Looking to become one of the few IT vendors that put some teeth behind their service level agreements, downtime incident management platform provider PagerDuty this week announced a downtime insurance program under which it will pay out up to $3 million to anyone that experiences outages using its IT incident management service.
PagerDuty CTO Andrew Miklas said most SLAs only compensate organizations based on a small percentage of the money they invested to acquire the product. Even then, that compensation usually takes the form of credits toward continuing to use the product.
Downtime Insurance, in contrast, represents one of the first efforts to tie a cash payment to an SLA, Miklas said.
“When we are talking about incident response, it’s always about peace of mind,” he said. “In accordance with that we wanted to tie the SLA to an actual business value.”
The insurance is available to any organization that signs up for the Enterprise Plan attached to the PagerDuty service. In the event of downtime, PagerDuty and the customer would jointly comb through PagerDuty logs and assess the damage to the business.

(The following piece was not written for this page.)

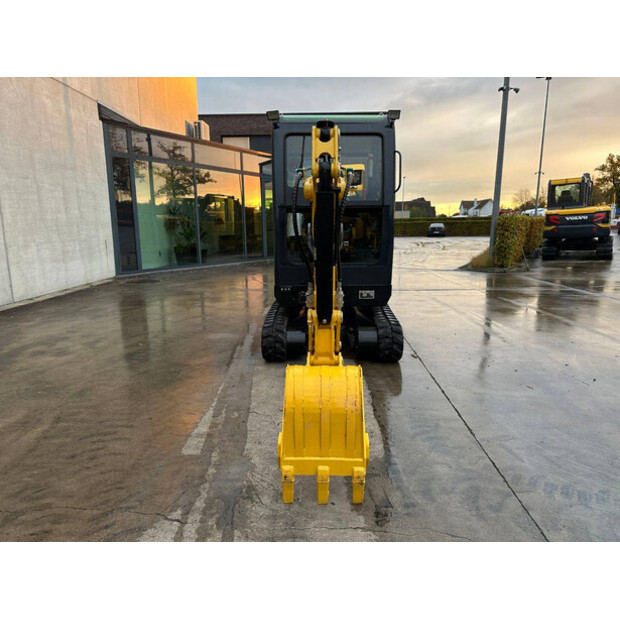 2025 Machpro MP46-43363712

PagerDuty is willing to assume responsibility for any downtime relating to an incident, up to a maximum $3 million.
By comparison, most other SLAs are essentially toothless, Miklas said. Not only do most SLAs hide behind a best-effort clause buried somewhere deep in a contract, they don’t actually result in the provider of the IT service assuming any financial risk.
PagerDuty recently published a survey of 100 business and IT professionals, conducted by Forrester Consulting on its behalf, that found that more than half of the respondents said their organization experiences significant disruption of IT services at least once a week. Worse yet, half the time IT is notified of the disruption by internal employees or external customers.
The study infers that one of the reasons this occurs so much is that many IT organizations are trying to make sense of six or more IT management tools, each tool addressing a specific tactical issue. As a result, correlating all that information into something that resembles actionable intelligence is next to impossible.
Having access to an incident-response system essentially creates a framework around which the IT organization develops a discipline to not only minimize any potential downtime, but also keep the rest of the organization informed about what is actually occurring, and who specifically is taking care of the problem, Miklas said.
Naturally, the degree to which organizations have a formal process in place for managing IT incidents varies greatly. But, as the saying goes inside and outside of IT, it never hurts to expect the unexpected.